WHAT IS REQUIRED: No pictures go into the copy. Write out every line below exactly.

Brief descriptive captions:
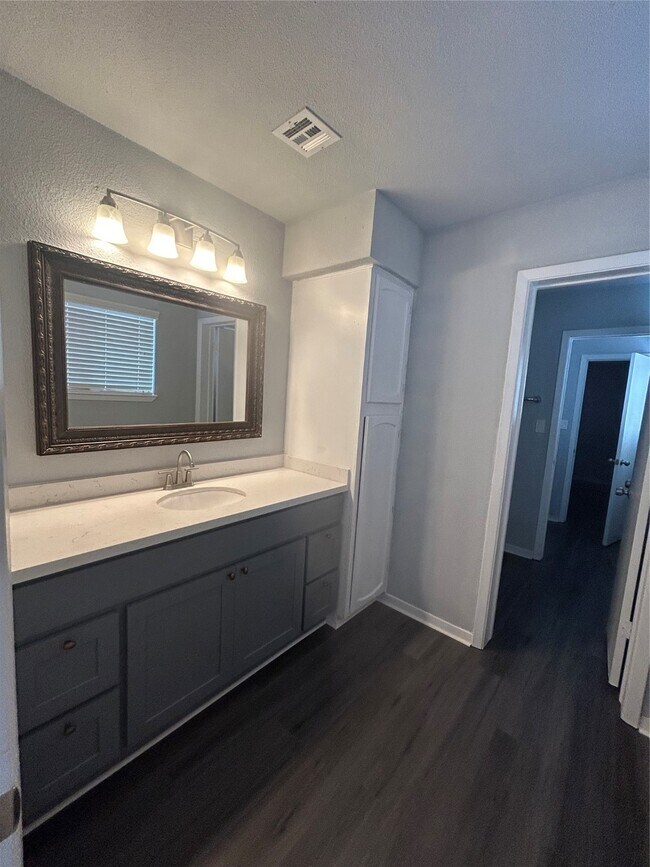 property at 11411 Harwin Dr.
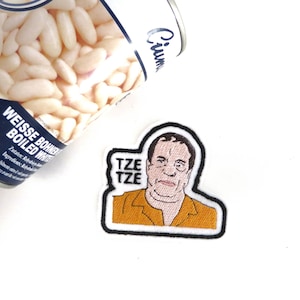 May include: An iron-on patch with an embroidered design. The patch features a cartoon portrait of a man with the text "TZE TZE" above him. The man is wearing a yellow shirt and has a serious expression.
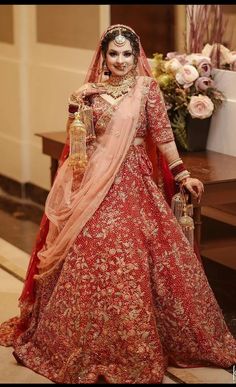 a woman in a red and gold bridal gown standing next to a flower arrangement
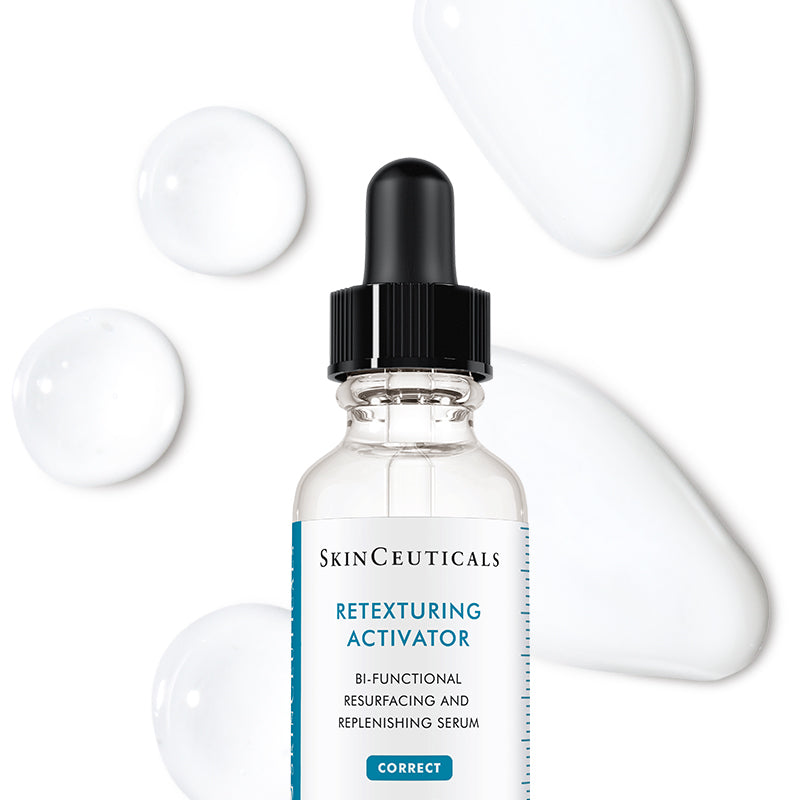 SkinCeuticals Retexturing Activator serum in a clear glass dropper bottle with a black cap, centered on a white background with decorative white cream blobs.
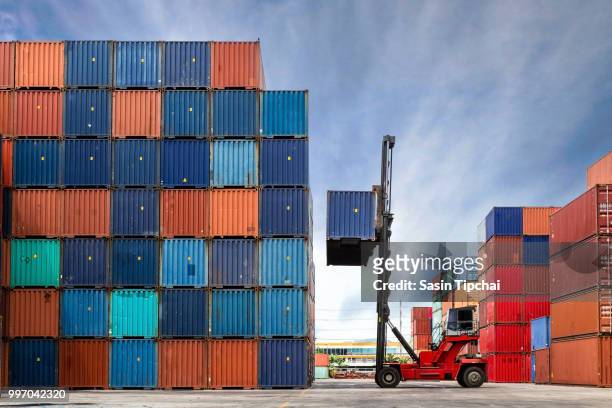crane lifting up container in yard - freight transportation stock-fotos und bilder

RESULT OF THE EXERCISE:
 property at 11411 Harwin Dr.
 May include: An iron-on patch with an embroidered design. The patch features a cartoon portrait of a man with the text "TZE TZE" above him. The man is wearing a yellow shirt and has a serious expression.
 a woman in a red and gold bridal gown standing next to a flower arrangement
 SkinCeuticals Retexturing Activator serum in a clear glass dropper bottle with a black cap, centered on a white background with decorative white cream blobs.
crane lifting up container in yard - freight transportation stock-fotos und bilder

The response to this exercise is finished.